Registering a plugin
Section titled “Registering a plugin”Plugins are registered in colony.config.yaml under the plugins.registered block:
plugins: registered: - name: colony-content module: ./node_modules/@colony/plugins-colony-content/dist/index.js tenants: - '*'| Field | Required | Description |
|---|---|---|
name | yes | Must match the plugin manifest’s name field |
module | yes | Path to the plugin’s entry module, resolved relative to colony.config.yaml |
tenants | no | Array of tenant external-IDs allowed to use this plugin; '*' matches any tenant. Defaults to ['*'] |
The tenants field lets you deploy one worker with multiple plugins while restricting each to specific repos.
Plugin loader behaviour
Section titled “Plugin loader behaviour”The worker’s plugin loader runs at startup, before the first task is claimed:
- Fail-fast — if any registered plugin fails to load, the worker exits rather than starting with a partial registry.
- Module import — the loader resolves
modulerelative to the config file directory and dynamic-imports the module. - Default export validation — the default export must be a
definePlugin(...)manifest object. - Name match —
manifest.namemust exactly match the config entry’sname; a mismatch throwsPluginLoadError. - Executor-ref resolution — workflow references of the form
plugin:<name>/<key>are resolved by matching<name>tomanifest.nameand<key>to a key inmanifest.executors. Referencing a key that doesn’t exist in the manifest throws at resolve time.

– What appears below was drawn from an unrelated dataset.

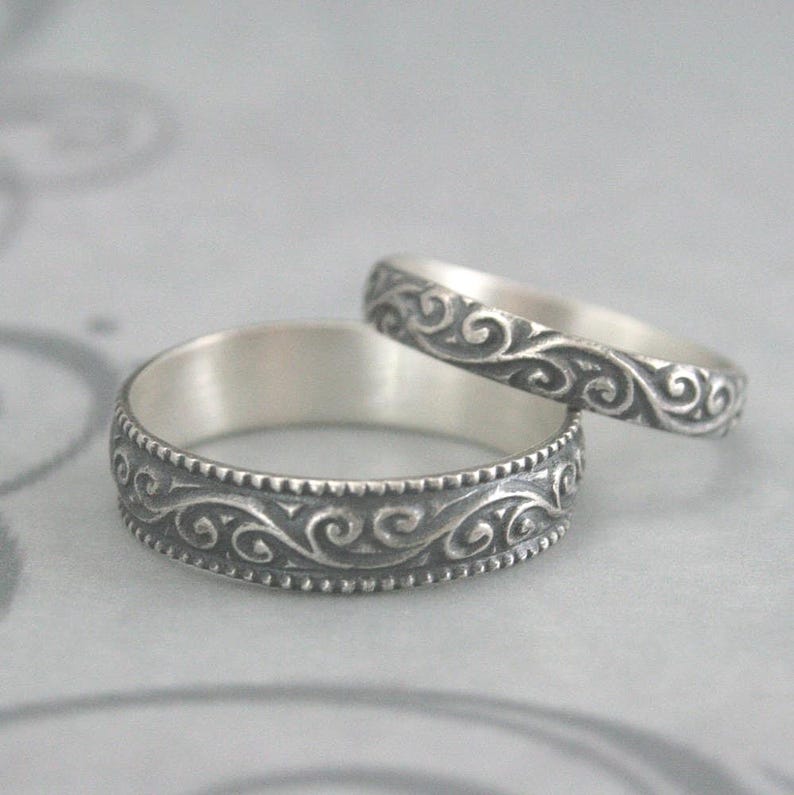 Anillos de estilo vintage, conjunto de boda Flourish, alianzas de plata, anillo de boda para hombre, alianza de boda para mujer, anillos de promesa para él y para ella, plata. imagen 4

Worked example: colony-content plugin
Section titled “Worked example: colony-content plugin”The packages/sdk/examples/plugin-content-stub/ directory contains a fully-wired stub demonstrating the plugin structure. Both executors return noop (a Stage-0 stub), so this example illustrates plugin authoring patterns rather than a production content pipeline.

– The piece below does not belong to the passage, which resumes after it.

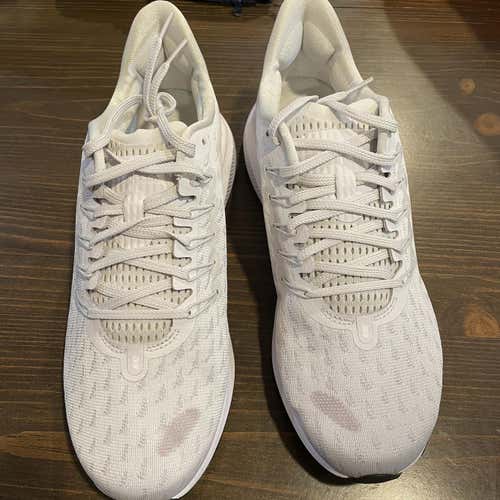White Men's Size 9.0 (Women's 10) Nike Air Zoom Vomero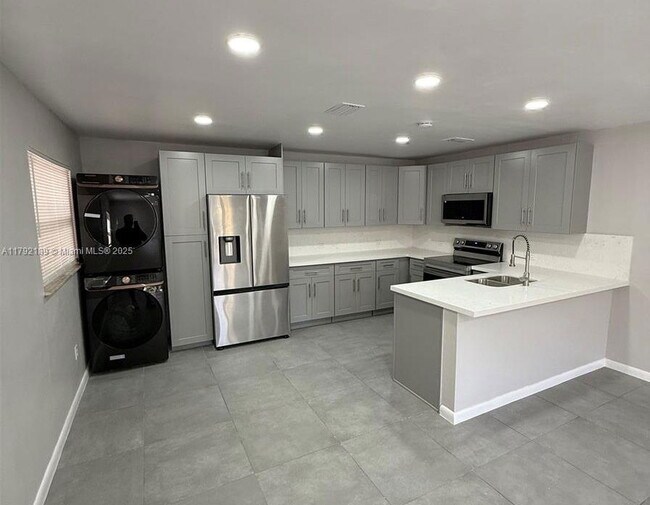 Building Photo - 4111 Stirling Rd Unit 109 Rental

Plugin executors (src/index.ts)
Section titled “Plugin executors (src/index.ts)”import { definePlugin } from '@colony/sdk';import { draftExecutor } from './draft.js';import { analyzeExecutor } from './analyze.js';
export default definePlugin({ name: 'colony-content', version: '0.1.0', executors: { analyze: analyzeExecutor, draft: draftExecutor, },});The analyze executor declares outcomes success, needs_clarification, no_work_pr_open, no_work_done, failure. The draft executor declares draft_created, needs_clarification, failure. Neither declares noop, retry, or error.

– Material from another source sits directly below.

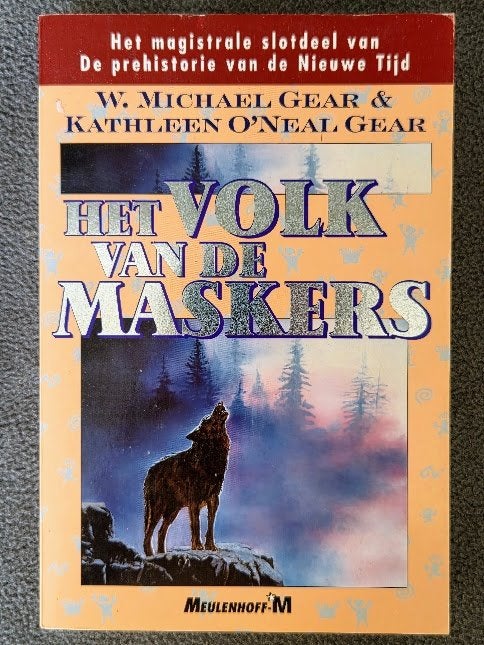 Het volk van de maskers - W. Michael Gear, Ophalen of Verzenden, Gelezen, W. Michael Gear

Workflow (workflow/colony-content.yaml)
Section titled “Workflow (workflow/colony-content.yaml)”The companion workflow at workflow/colony-content.yaml references these executors as plugin:colony-content/analyze and plugin:colony-content/draft. Every outcome declared by each executor appears in the workflow’s on: block for the states that use it. See the Workflows page for the full workflow YAML.
Config registration
Section titled “Config registration”plugins: registered: - name: colony-content module: ./node_modules/@colony/plugins-colony-content/dist/index.jsValidation
Section titled “Validation”After creating a workflow YAML that references your plugin’s executors, validate the schema:
colony workflow validate ./workflow/colony-content.yamlThis confirms the YAML schema is valid and all state-target cross-references resolve. The outcome-coverage check (every declared executor outcome is handled in on:) runs when the worker loads the workflow at startup.